_WHAT IS BEING ASKED_
Look below for the line with "Vermillion City Gym"; begin the copy there and stop after the line with "50 G 80 ML Plastic", keeping the text exact and the pictures out.

_INFORMATION SUPPLIED_
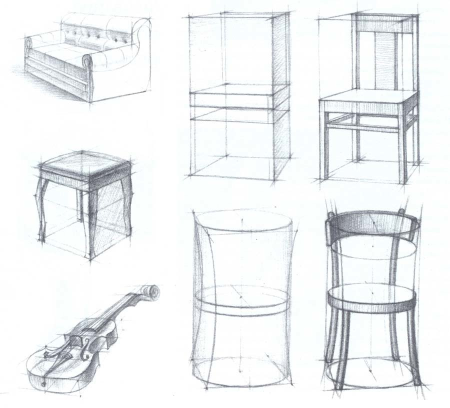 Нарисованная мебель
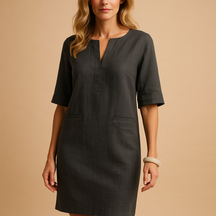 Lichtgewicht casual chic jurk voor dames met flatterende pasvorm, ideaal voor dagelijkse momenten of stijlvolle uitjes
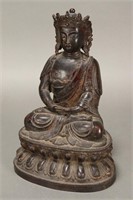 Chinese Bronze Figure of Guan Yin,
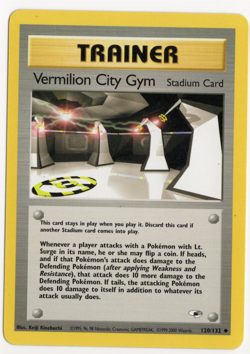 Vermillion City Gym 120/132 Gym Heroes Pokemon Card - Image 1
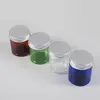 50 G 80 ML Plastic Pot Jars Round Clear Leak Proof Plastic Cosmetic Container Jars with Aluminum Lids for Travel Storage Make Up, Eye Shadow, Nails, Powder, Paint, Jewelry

--

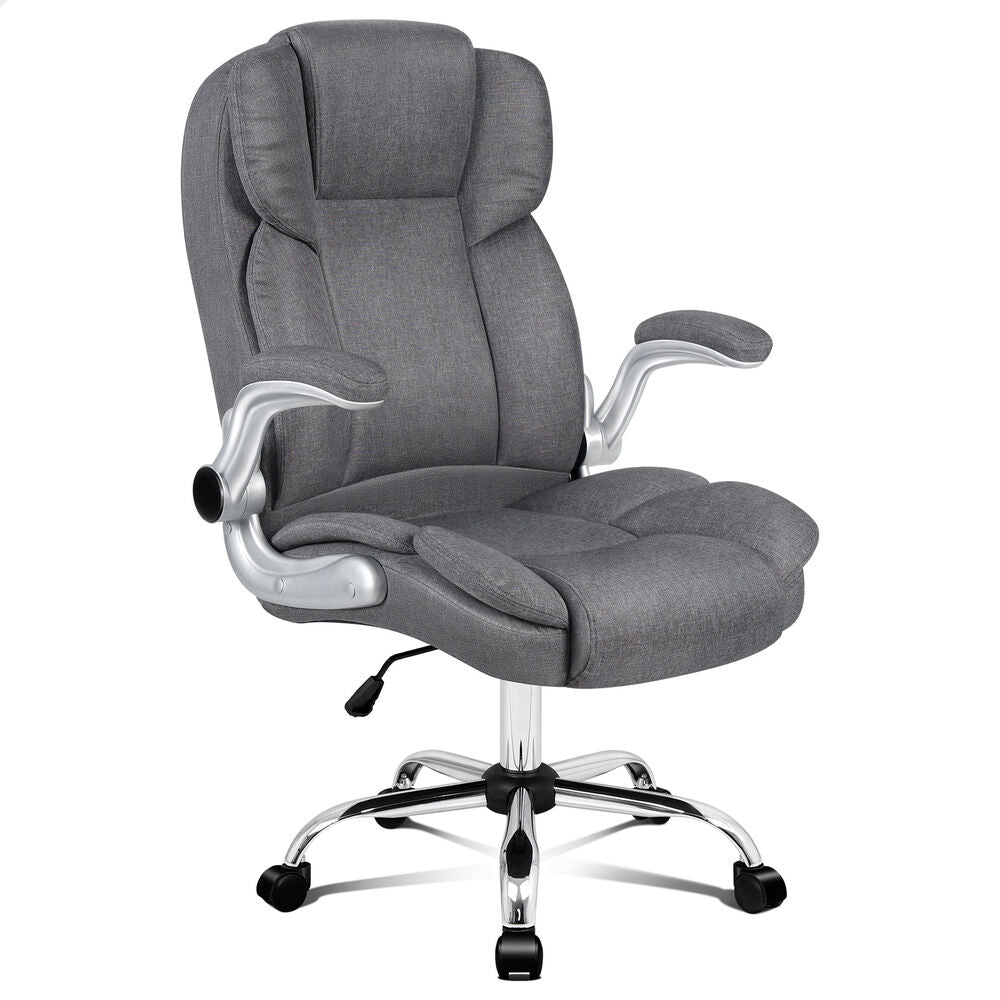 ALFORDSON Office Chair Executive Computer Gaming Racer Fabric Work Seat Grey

_EXPECTED OUTPUT_
 Vermillion City Gym 120/132 Gym Heroes Pokemon Card - Image 1
 50 G 80 ML Plastic Pot Jars Round Clear Leak Proof Plastic Cosmetic Container Jars with Aluminum Lids for Travel Storage Make Up, Eye Shadow, Nails, Powder, Paint, Jewelry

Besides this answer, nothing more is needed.